- _Activity_: Repeat the listing verbatim. Drop any pictures.

(Given information begins)

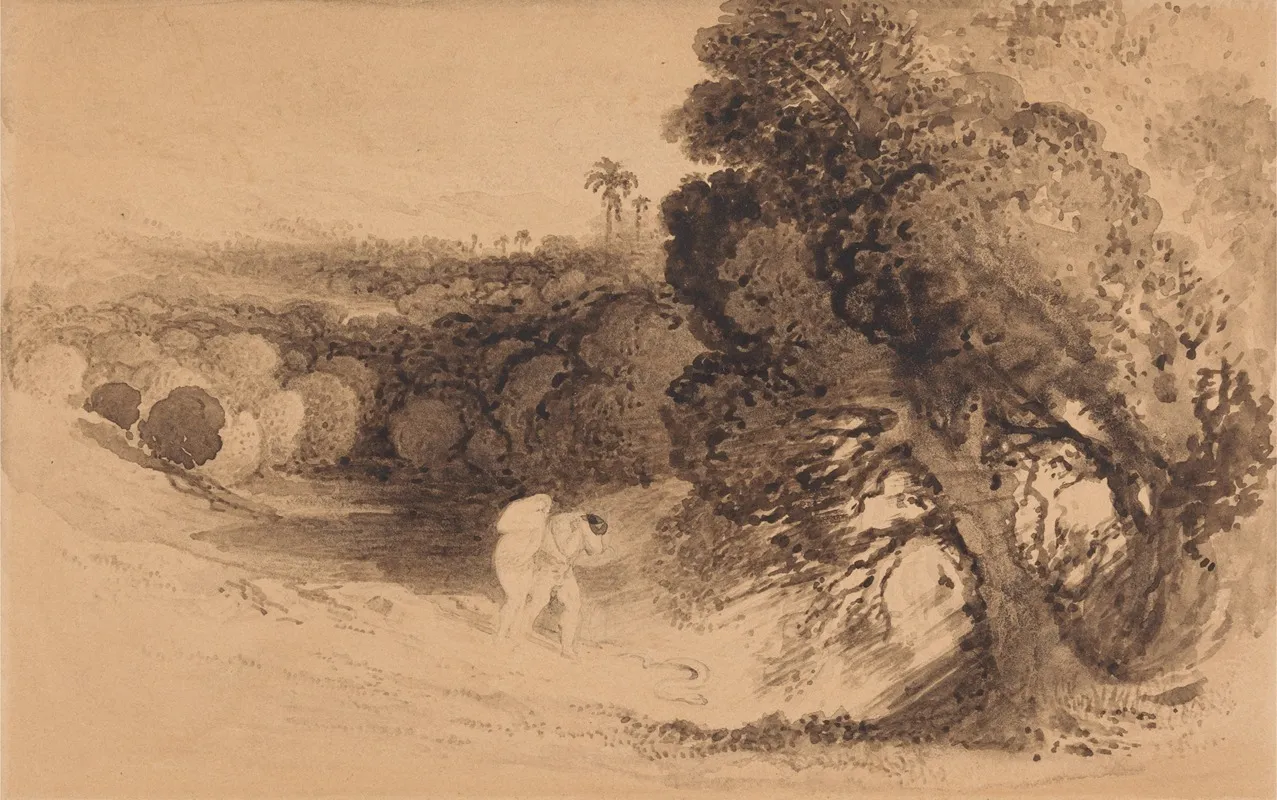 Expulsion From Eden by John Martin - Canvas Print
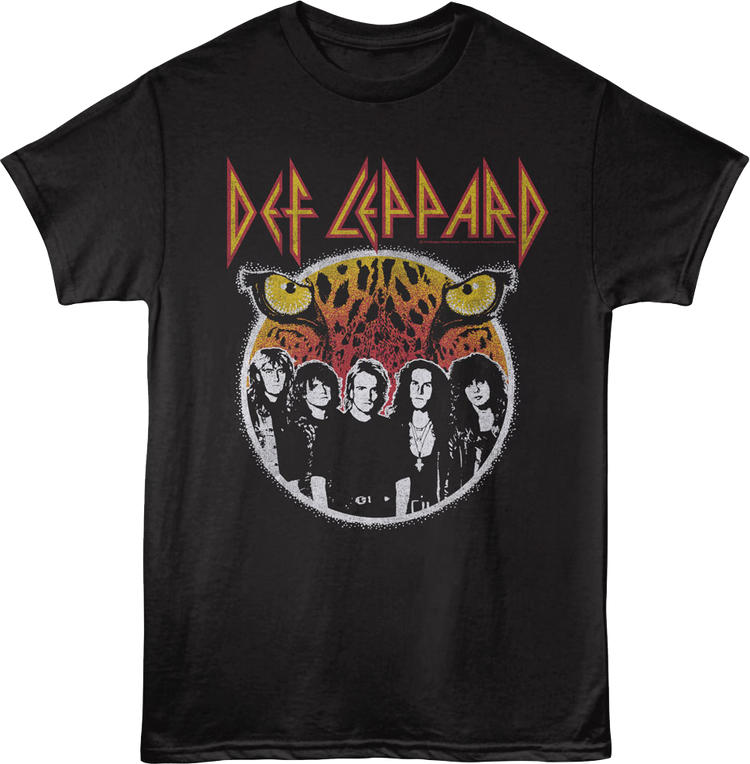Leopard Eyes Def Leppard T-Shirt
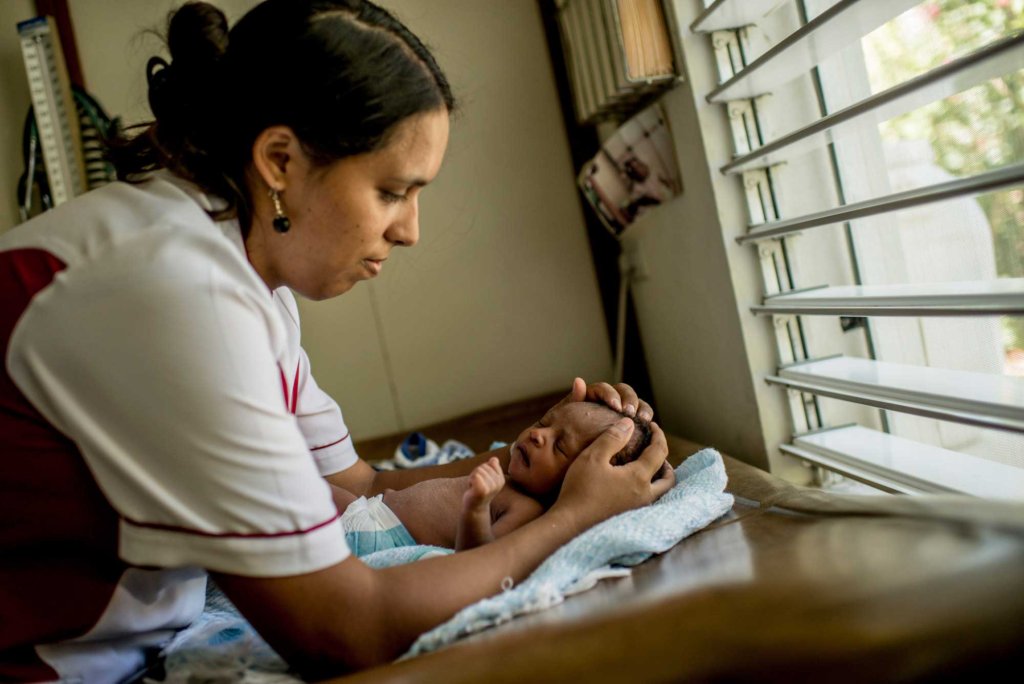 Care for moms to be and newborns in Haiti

(Given information ends)

- _Solution for this problem_:
 Expulsion From Eden by John Martin - Canvas Print
Leopard Eyes Def Leppard T-Shirt
 Care for moms to be and newborns in Haiti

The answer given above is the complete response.